Repeat the listing that follows exactly. Pictures are not part of the copy.

### INFORMATION SHOWN
★ ★ ★

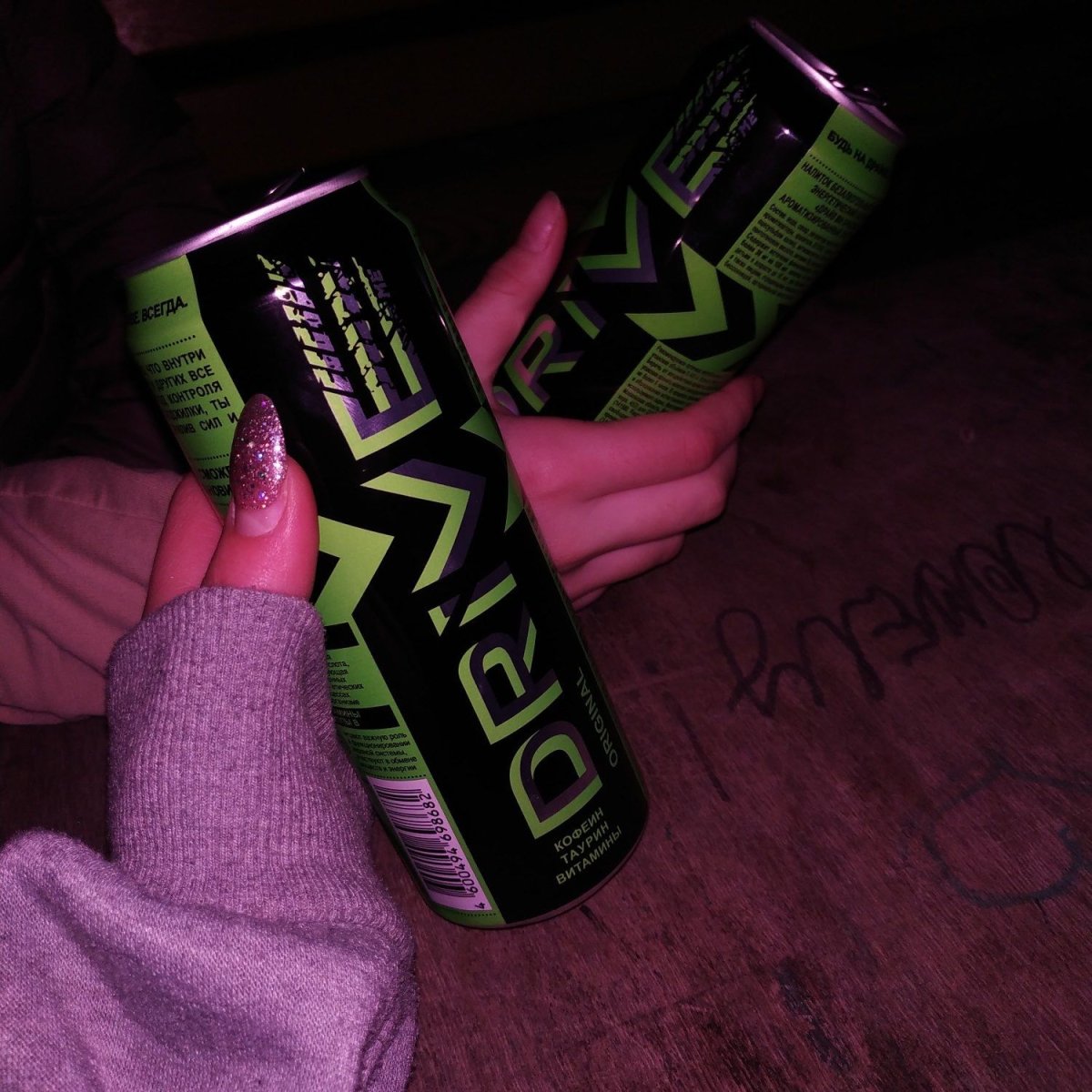 Энергетик в руках у девочек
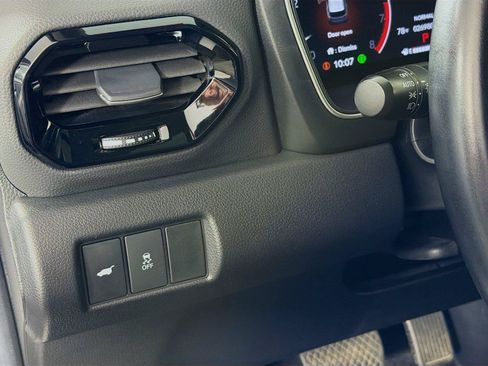 Used 2024 Honda Pilot Touring image 17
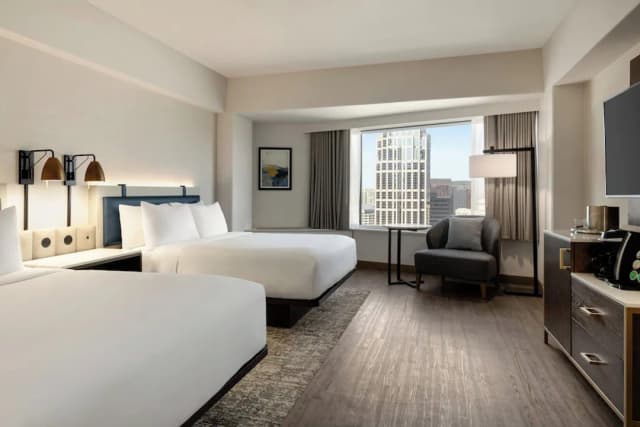 Crowne Plaza Seattle - Downtown by IHG-Premium Room, 2 Queen Beds, Non Smoking (Space Needle View)-3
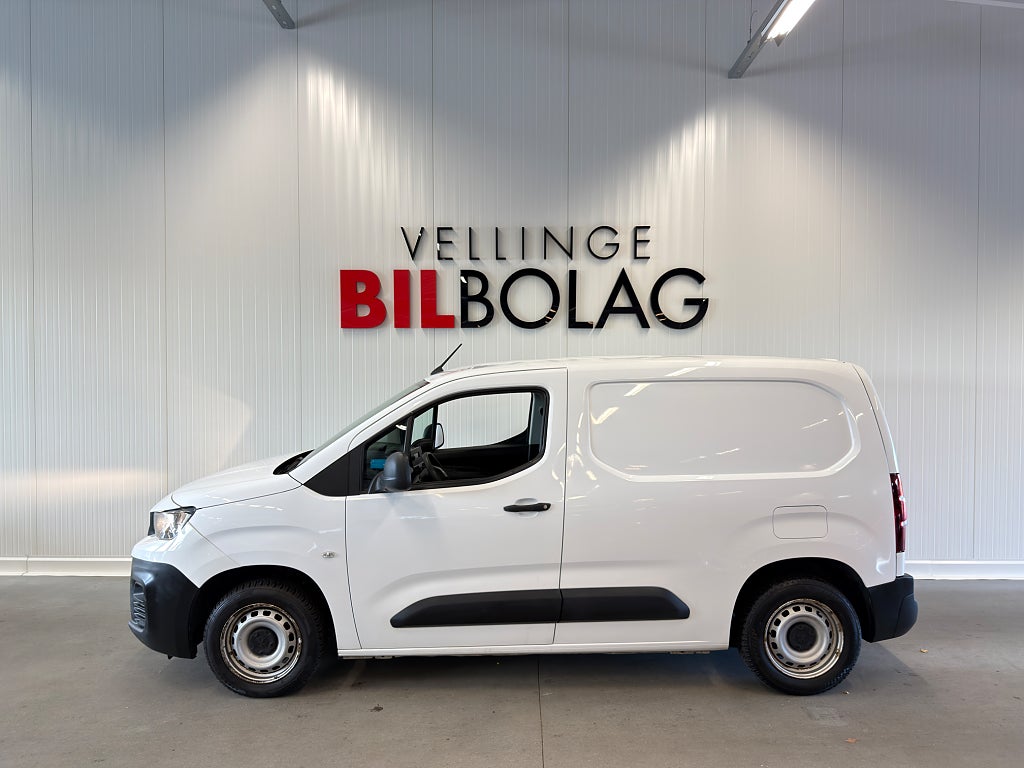 Peugeot Partner L1 1.5 BlueHDi 3-sits Värmare Drag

★ ★ ★

### EXERCISE RESULT
 Энергетик в руках у девочек
 Used 2024 Honda Pilot Touring image 17
 Crowne Plaza Seattle - Downtown by IHG-Premium Room, 2 Queen Beds, Non Smoking (Space Needle View)-3
 Peugeot Partner L1 1.5 BlueHDi 3-sits Värmare Drag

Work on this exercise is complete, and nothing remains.